“Beautiful young people are accidents of nature, but beautiful old people are works of art” 

-Eleanor Roosevelt

For Lack of Imagination

For Lack of Imagination

From age 46 to age 66 I ran my own business, an arty boutique in Santa Monica, CA. The ongoing conversation in my head, and with a few friends and acquaintances and, well okay, with some of my customers, coworkers, and the UPS guy, was that I had no intention of retiring. I would keep working until I couldn’t. Not for lack of money. I realize now that it was for lack of imagination! I couldn’t imagine what I’d do if I retired.

I had to DO SOMETHING after all! I am a doer, and I don’t mean workaholic. I also DO movies, swimming, reading, TV, lunch dates, travel, shopping, museum visits, restaurants, theater, and Dodger baseball – sometimes at the stadium but mostly at home on the couch.

Another reason I couldn’t imagine retiring is that I am driven to be USEFUL. Not only at work, but also to my family and friends and to the organizations I participate with.

Then I closed my beloved store “gioia” (Italian for “joy”). I don’t need to tell you what has been happening to small retail businesses. Even I shop online now, so I can’t blame my customers, right?

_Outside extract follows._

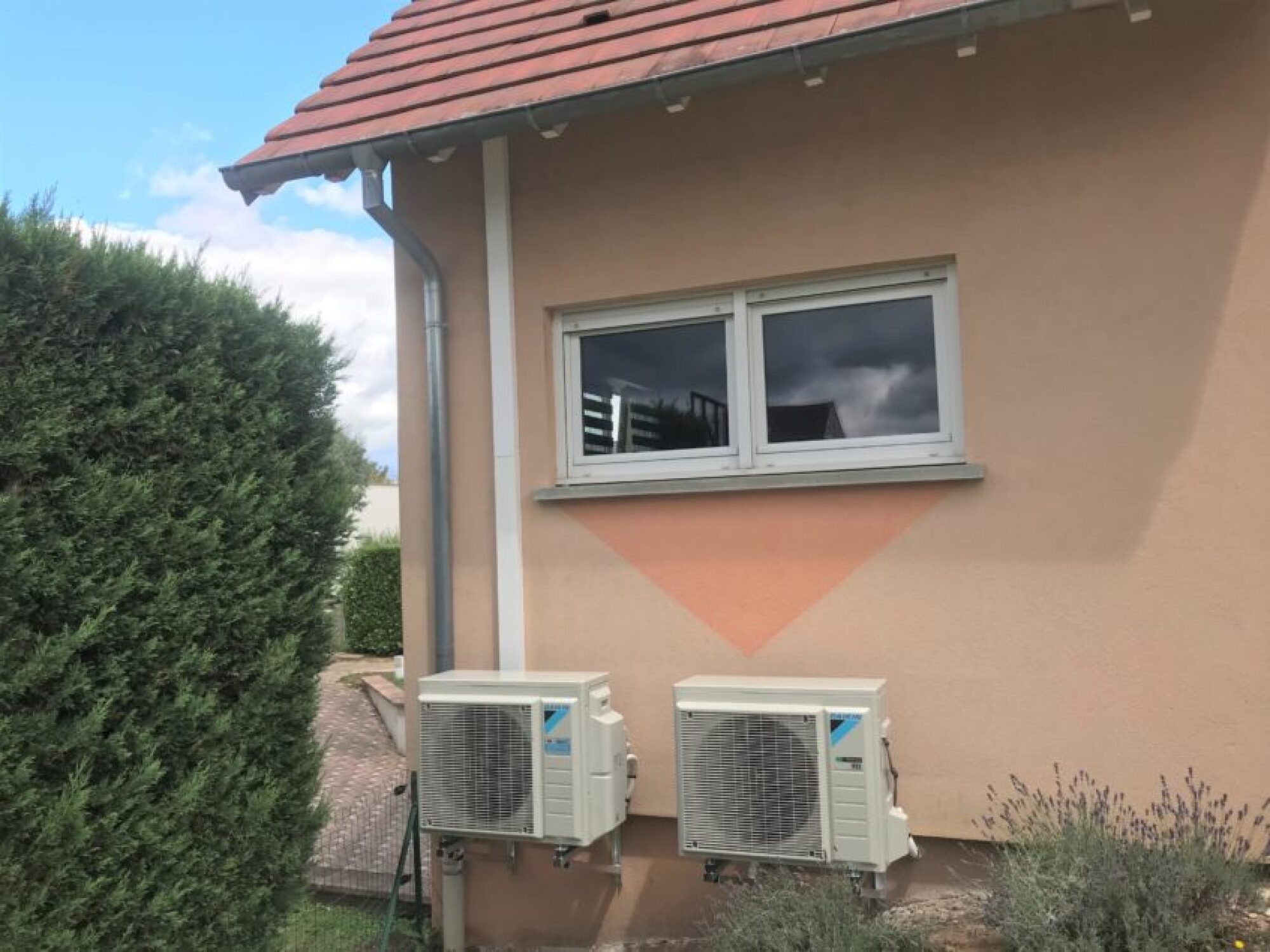 Installation PAC AIR-AIR (climatisation réversible) muraux Stylish DAIKIN multi-split à Holtzheim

Eventually my friend Ann, who I often chat with in the locker room at the Y, suggested I might like doing what she does – volunteering as a docent for school groups at the Getty Center. I was intrigued, and with the museum’s permission, I showed up one morning before they opened to “shadow” Ann.

The school children who visit the Getty are from Title 1 schools, that is to say low-income families. Many have never ever entered a museum.

At one point in our tour with 2nd- graders, Ann asked the students to look for creatures and objects almost hidden in a ceramic Rococo wall clock. They excitedly raised their hands and blurted out “a dragon!” or “a monkey!” I got the picture. I would use MY imagination to enable them to use THEIR imaginations to have FUN looking closely at art. This was for me. 

I’ve been a docent for four years now. I can tell you that kids delight in swaying back and forth like the green stalks of Van Gogh’s Irises. They revel in posing like a 19th-Century marble statue of Athena in full battle mode. And they love climbing to the top level at the back of the museum to see the view of Los Angeles. It is so rewarding to hear “Whoa!” and “Wow!” from these students, most of whom have never seen this view of their city and the ocean. From up there, even the 405 Freeway is fascinating.

I’ve come to love the students, the art, the site, the ongoing art education, and the fantastic community of docents I now belong to. Who knew that all it took was a little imagination to envision myself in a new endeavor? It’s one that I hope to sustain for many years.

After that? Imagine the possibilities.


Laura Owen is a retired entrepreneur and Stanford University graduate in film studies, Laura Owen is currently a Getty docent-in-waiting - that is to say, waiting for the day when the museum will again be welcoming visitors and school groups. Meanwhile, she is enjoying reading, walking and talking with her husband Sandy, Jeopardy, old black-and-white films on TCM, sharing life with friends on Facebook, and  phone calls with her two grown sons. She will be thrilled when Dodger baseball resumes, the YMCA pool reopens, and her local art house theaters go back to screening weird documentaries and vintage Italian movies.